The Dolls Kill brand has been compared to Nasty Gal and Hot Topic. These comparisons seem valid on the surface. Like Hot Topic, Dolls Kill is plugged into the rock and roll ethos that elevates the middle finger (pun intended) into a statement of identity, and like Nasty Gal, Dolls Kill thrives and wallows in the risque and the untoward. But both of these comparisons miss something: Dolls Kill is really the anti-Supreme.
That might seem counterintuitive — both Dolls Kill and Supreme were born out of the same counter-cultural ideals of rebellion, attitude, and bravado. Both brands cater heavily to a niche audience that stands apart from traditional market demographics and are built firmly on the visions of their creators. Both say something about the times and are a slightly twisted reflection of the world that produced them. That’s where the similarities end, though. Despite some superficial overlap, the two brands have completely different approaches and a wildly different ethos.
A Sound Idea
Unlike the founder of the red-logoed skate and street-wear brand Supreme, who was never a skater himself, Dolls Kill was born from the culture they represent. Founder Shaudi “Shoddy” Lynn met her co-founder and husband Bobby Farahi while she was DJing a rave and he was celebrating the successful sale of his media tracking company. They bonded over their love of electronic music, eclectic fashion, and entrepreneurship.
Shortly after meeting, the two began collaborating on a line of accessories for the ravers and club-goers they partied with. The Dolls Kill brand started as an eBay shop reselling a fox-tail keychain they bought from China, and slowly expanded to other accouterments that complete an outfit for someone heading to a warehouse for a weekend of hard bass and harder dancing.
Founded with the money Farahi had from the sale of his previous company, Dolls Kill quickly transitioned from eBay to e-commerce, and from accessories to a full fashion line.

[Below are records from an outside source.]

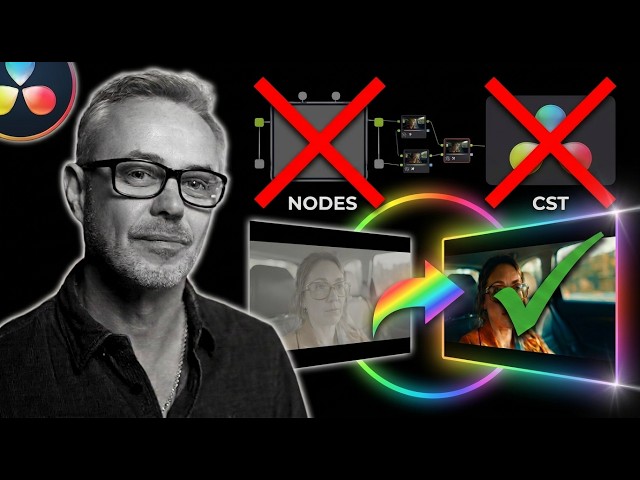 No NODES, No CST, No COLOR Page! EDITORS Color Management [EASY]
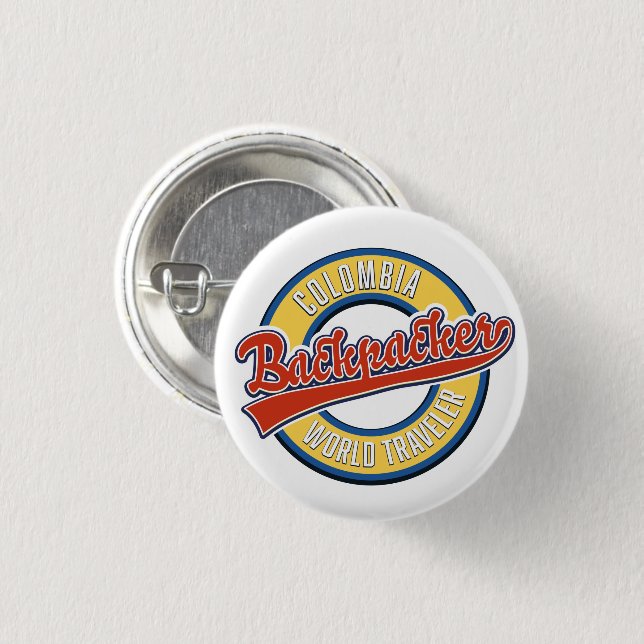 Weltreisende in Kolumbien Button (Vorne & Hinten)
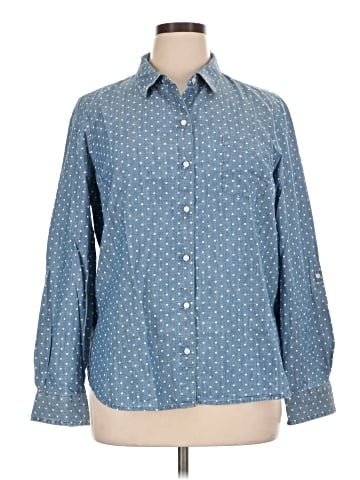 Tommy Hilfiger Long Sleeve Button-Down Shirt (view 1)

The company was profitable from day one, and in 2015 managed to earn the #33 spot overall on the Inc 500, and the #1 spot among retailers. Since then, they’ve taken three rounds of investment. The first two rounds were led by Maveron and the latest, a $40 million round, was led by Silicon Valley big-shots Sequoia. Altogether, the company has raised over $60 million, bringing the company’s valuation to a rumored value of over $400 million.
More incredibly, the brand managed to get there with virtually no advertising — a few sponsored social media posts and the occasional experimentation with pay-per-click (PPC), but nothing on the scale that most fast-growing fashion houses spend. That may sound similar to Supreme, but it also points out another key point of differentiation. Supreme may have a robust digital presence, but they were always a brand rooted in a physical place — their flagship NYC store and the neighborhood it grew out of. It was a brand defined by geography and “real world” retail.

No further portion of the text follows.